WORK ITEM - From the line that contains "Sacs de voyage" down to the last line of the listing below, reproduce each line exactly but not the pictures.

[RECORDS FOR THIS TASK — start]

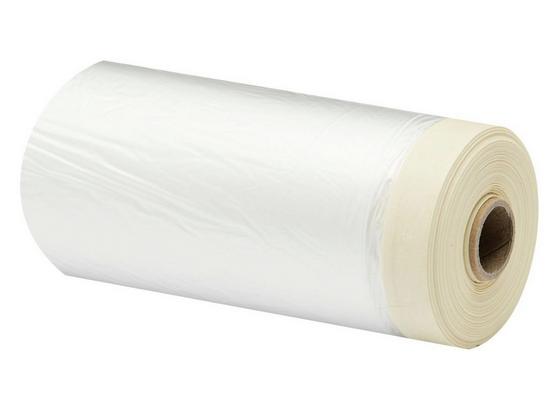 Abdeckfolie 110 cm - Transparent/Creme, KONVENTIONELL, Papier/Kunststoff (3300cm) - Gebol Abdeckfolie 110 cm - Transparent/Creme, KONVENTIONELL, Papier/Kunststoff (3300cm) - Gebol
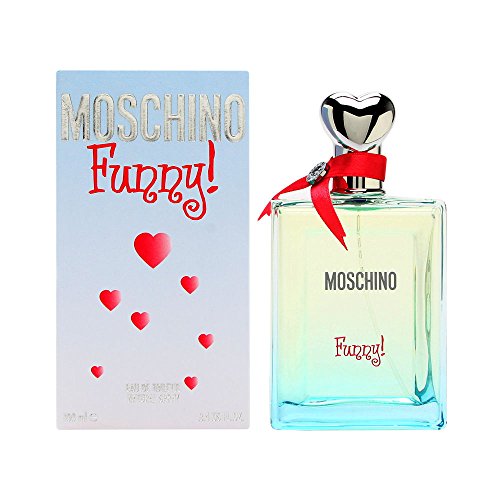 Moschino Funny ! By Moschino For Women 3.4 Oz Eau De Toilette Spray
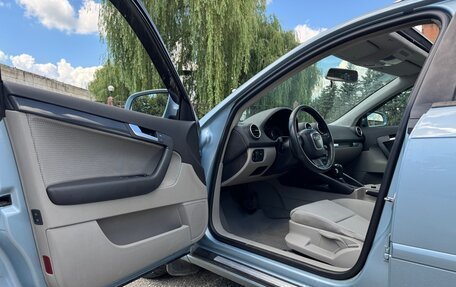 Audi A3, 2006 год, 690 000 рублей, 15 фотография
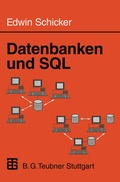 Cover: Datenbanken und SQL - Vieweg+Teubner Verlag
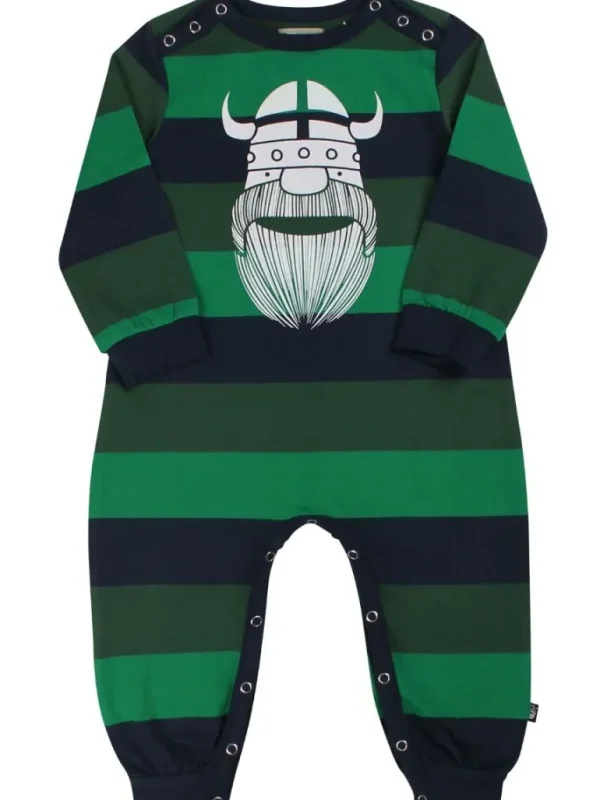 Danefæ ORGANIC - Dananis suit Mangrove ERIK | Heldragter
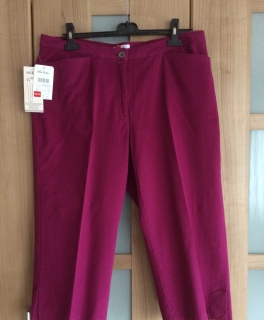 Hose von Ulla Popken Größe 46, neu mit Etikett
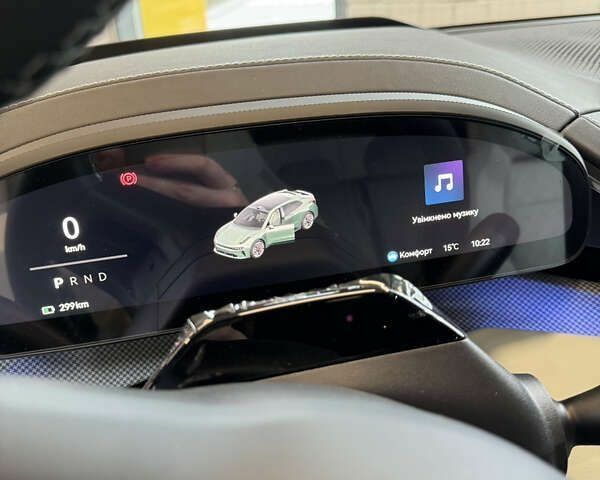 Zeekr 001, объемом двигателя 0 л и пробегом 1 тыс. км за 49200 $, фото 12 на Automoto.ua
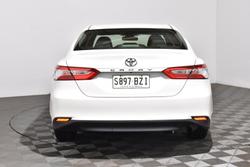 2018 Toyota
Camry Ascent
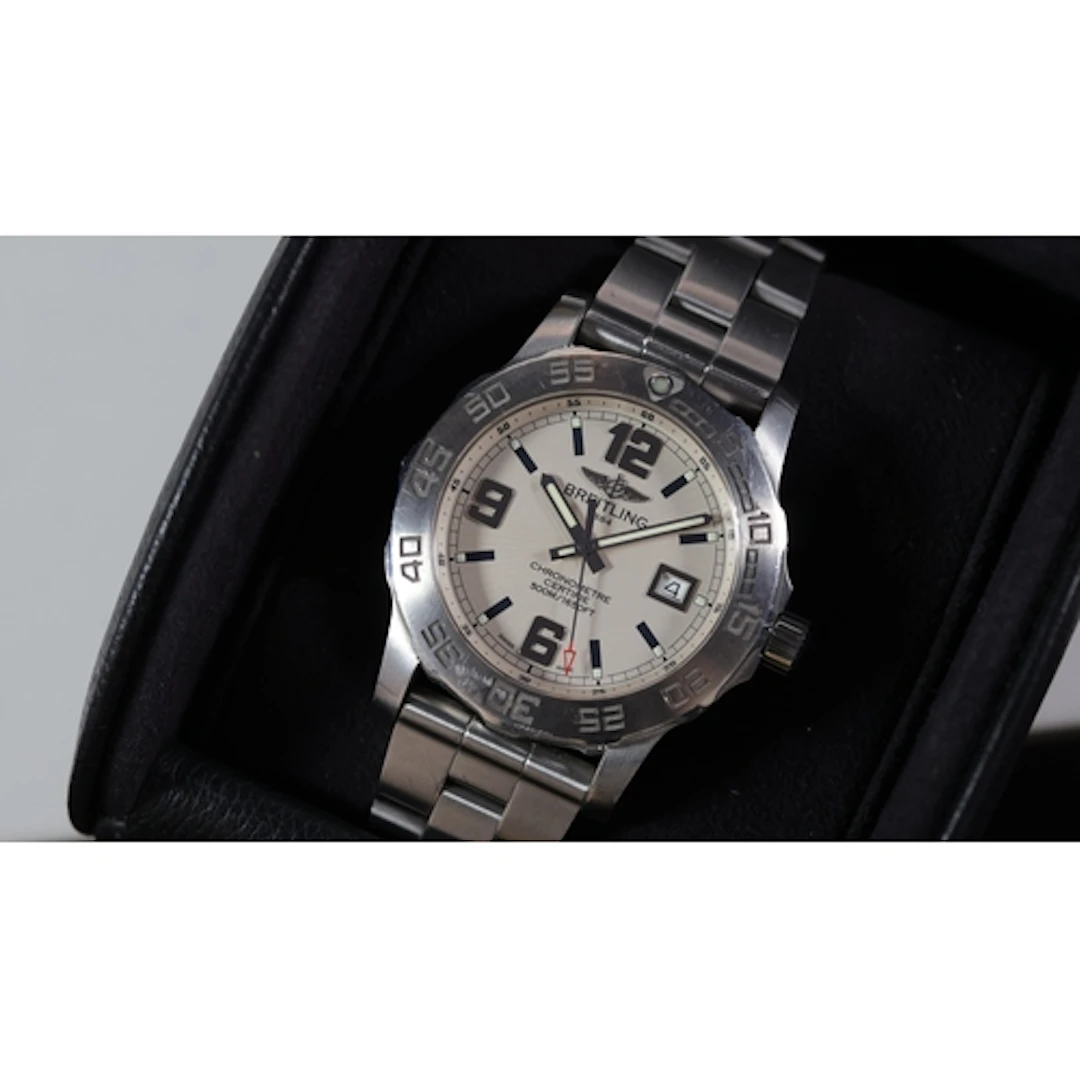 Brand: Breitling Model Name: Colt Reference: A74387 Movement...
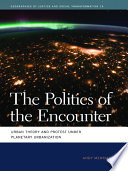 Cover of The Politics of the Encounter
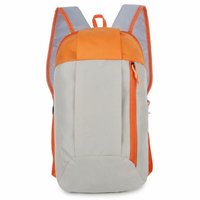 Sacs de voyage personnalisés avec logo, imperméables, imprimés en relief, en tissu Oxford, sacs à dos de sport pour cadeaux promotionnels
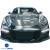 ModeloDrive FRP GT3-Z Front Bumper > Porsche Boxster (987) 2009-2012 - image 2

[RECORDS FOR THIS TASK — finish]

RESULT OF THIS EXERCISE -
 Sacs de voyage personnalisés avec logo, imperméables, imprimés en relief, en tissu Oxford, sacs à dos de sport pour cadeaux promotionnels
 ModeloDrive FRP GT3-Z Front Bumper > Porsche Boxster (987) 2009-2012 - image 2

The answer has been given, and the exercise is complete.